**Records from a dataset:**
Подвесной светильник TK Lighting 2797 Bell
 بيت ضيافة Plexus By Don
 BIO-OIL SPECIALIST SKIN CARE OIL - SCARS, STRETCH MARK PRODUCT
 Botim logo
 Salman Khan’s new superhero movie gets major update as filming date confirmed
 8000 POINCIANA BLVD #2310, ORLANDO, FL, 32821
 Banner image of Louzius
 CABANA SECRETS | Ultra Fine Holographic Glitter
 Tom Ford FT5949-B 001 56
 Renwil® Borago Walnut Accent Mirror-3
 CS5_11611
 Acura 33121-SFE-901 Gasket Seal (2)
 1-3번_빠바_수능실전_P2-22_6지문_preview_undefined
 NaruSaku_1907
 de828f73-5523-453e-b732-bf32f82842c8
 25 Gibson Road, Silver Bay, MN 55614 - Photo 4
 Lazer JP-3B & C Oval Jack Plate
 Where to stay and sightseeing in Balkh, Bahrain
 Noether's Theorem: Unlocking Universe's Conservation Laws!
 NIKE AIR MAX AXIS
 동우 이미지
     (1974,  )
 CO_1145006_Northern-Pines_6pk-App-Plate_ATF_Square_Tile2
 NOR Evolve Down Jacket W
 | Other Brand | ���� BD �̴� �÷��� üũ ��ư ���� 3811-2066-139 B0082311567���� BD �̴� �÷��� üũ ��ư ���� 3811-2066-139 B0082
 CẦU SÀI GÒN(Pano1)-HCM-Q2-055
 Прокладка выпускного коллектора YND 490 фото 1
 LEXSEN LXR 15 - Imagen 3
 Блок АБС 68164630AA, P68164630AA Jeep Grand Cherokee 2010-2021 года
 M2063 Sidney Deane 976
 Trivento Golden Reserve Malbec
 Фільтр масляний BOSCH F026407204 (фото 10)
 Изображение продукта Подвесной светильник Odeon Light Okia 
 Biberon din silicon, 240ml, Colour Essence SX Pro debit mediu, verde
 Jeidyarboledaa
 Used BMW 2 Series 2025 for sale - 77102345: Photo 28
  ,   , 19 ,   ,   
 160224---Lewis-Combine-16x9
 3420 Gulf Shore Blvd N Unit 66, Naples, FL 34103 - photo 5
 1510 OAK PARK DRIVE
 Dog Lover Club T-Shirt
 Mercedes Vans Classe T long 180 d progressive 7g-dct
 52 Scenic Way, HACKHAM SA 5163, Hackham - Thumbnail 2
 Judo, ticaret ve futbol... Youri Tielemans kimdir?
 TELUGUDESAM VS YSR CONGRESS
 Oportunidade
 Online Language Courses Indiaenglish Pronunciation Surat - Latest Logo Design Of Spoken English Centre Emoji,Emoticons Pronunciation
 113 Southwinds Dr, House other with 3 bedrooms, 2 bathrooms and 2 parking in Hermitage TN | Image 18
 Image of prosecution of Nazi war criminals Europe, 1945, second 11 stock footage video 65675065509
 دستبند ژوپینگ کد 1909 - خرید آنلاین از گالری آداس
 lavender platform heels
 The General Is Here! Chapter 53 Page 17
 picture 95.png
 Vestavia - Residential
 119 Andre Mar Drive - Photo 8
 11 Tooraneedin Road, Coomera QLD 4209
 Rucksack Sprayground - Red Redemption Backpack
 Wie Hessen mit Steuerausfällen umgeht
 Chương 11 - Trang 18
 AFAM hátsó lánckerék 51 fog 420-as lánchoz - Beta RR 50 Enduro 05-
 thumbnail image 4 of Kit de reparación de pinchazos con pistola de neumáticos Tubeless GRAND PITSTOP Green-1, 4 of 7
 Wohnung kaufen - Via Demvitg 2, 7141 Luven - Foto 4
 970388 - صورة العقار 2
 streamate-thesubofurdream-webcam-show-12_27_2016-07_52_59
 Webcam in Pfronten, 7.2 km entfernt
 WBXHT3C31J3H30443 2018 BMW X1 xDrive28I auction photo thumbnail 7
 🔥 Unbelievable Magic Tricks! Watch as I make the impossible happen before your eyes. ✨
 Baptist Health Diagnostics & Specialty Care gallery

**EXERCISE OBJECTIVE:**
Looking at the entries above, count each line that includes the string "Road" and give only the total.

**RESULT OF THE EXERCISE:**
2